Con las aproximadamente 55 personas del respetable sentado en butacas sobre el propio escenario del Teatro Sozial Antzokia de Basauri y ante el sexteto dispuesto en semicírculo panorámico, tan cinemascope que era imposible abarcar de un vistazo desde el trompetista vestido con kaiku Ion Celestino (San Sebastián, 1982; es el líder y ejerció de maestro de ceremonias, hablando todo el rato en euskera) hasta la vocalista calzada con albarcas Nerea Erbiti (Leiza, 1980), Lurpekariak dieron el sexto concierto de su andadura, el primero tras la edición de su álbum de debut ‘Itsasotik iturrira / Del mar a la fuente’ (Errabal), y, a pesar de la dificultad de su propuesta, lograron interpretar sin necesidad de mirar ninguna partitura (y eso que ese miércoles había una baterista suplente: Rakel Arbeloa, Oibar, Navarra, 1991, sustituta del titular Israel Tubilleja, Zaragoza, 1978), abducir al público atentísimo y conseguir que éste participara en el happening final percusionista con panderetas y otros adminículos que le cedió el grupo, más sus propios zapateados, palmas y golpes con las sillas a cargo de las damas más animadas.

Lurpekariak, juego de palabras traducible como Los Subterráneos  (‘urpekaria’ significa submarino en euskera, ‘lur’ tierra), se atreven con una alineación inusual, un sexteto con todos los componentes licenciados superiores en jazz: trompeta, voz, dos baterías (compartían el bombo y se miraban frente a frente la mentada sustituta Rakel y el otro titular, Daniel Lizarraga, Pamplona, 1988) y dos contrabajos (los de Javier Callén, Huesca, 1980, y del tocado con txapela Ander García, Barakaldo, 1978, ex dantzari que algún paso se marcó en el happening).
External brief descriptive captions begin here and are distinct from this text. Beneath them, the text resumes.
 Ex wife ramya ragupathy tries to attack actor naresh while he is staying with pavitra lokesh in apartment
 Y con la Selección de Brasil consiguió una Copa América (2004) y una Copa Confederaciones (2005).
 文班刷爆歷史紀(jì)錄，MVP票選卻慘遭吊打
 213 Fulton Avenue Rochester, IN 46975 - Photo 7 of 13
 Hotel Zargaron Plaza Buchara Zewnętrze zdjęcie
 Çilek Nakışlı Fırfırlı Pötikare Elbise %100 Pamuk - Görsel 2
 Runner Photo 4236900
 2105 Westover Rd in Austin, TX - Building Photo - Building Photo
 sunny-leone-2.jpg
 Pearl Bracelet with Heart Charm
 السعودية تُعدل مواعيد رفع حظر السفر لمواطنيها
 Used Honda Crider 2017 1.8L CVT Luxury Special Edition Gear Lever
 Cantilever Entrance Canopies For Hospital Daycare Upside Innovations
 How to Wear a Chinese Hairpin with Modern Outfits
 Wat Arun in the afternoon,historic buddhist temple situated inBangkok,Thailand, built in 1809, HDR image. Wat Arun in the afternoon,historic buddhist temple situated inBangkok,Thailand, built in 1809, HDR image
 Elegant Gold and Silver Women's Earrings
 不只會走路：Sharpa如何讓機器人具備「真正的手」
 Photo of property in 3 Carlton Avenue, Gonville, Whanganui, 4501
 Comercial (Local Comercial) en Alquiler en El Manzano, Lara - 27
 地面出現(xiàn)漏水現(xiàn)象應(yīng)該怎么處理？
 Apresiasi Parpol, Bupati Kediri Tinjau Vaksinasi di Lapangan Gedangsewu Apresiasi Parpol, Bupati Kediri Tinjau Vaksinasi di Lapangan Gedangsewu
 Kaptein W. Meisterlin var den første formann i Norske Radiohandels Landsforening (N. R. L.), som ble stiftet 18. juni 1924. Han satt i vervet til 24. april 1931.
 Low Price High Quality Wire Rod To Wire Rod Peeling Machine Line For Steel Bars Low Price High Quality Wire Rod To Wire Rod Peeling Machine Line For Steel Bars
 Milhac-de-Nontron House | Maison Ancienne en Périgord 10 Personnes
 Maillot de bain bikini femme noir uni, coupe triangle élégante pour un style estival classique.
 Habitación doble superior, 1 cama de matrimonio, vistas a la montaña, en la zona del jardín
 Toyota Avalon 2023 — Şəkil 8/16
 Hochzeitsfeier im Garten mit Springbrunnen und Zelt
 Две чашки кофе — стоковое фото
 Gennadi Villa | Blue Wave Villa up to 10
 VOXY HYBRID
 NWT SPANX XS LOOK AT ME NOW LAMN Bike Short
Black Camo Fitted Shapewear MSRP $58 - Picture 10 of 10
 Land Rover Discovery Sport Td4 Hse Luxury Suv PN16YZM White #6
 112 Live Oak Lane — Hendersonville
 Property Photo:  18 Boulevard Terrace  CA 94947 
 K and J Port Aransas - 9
Con tales mimbres, o aperos, o instrumentos, elaboran lo que ellos definen como «música arcaica del futuro», una suerte de jazz rural marcado por Laboa (la voz femenina lánguida, distraída, dolida, aguda, siempre juguetona…) y cuyas improvisaciones parecían emerger desde Nueva Orleans (por la trompeta, por las ambientaciones palúdicas y misteriosas…), unas improvisaciones que nunca parecieron de relleno.

Ion Celestino a la diestra, en algún parlamento explicativo en euskera (foto: Gaizka Azkarate).

Su concierto (de jazz sin partituras, insistamos en el detalle) duró 75 minutos exactos (contando los dos y pico de saludos finales) para una docena de piezas consignadas en el setist y que prácticamente recorrieron íntegramente el debut ‘Itsasotik iturrira / De la mar a la fuente’. La única pega que se le puede poner es que los ejecutantes reprimieron la pegada necesaria en el jazz y parecieron dejarse embargar por la ceremonia canónica, como en una audición de conservatorio (a veces se sentaban en sillas al margen pero a la vista de todos los músicos que no participaban en la pieza, ora los bateristas, ora los contrabajistas…).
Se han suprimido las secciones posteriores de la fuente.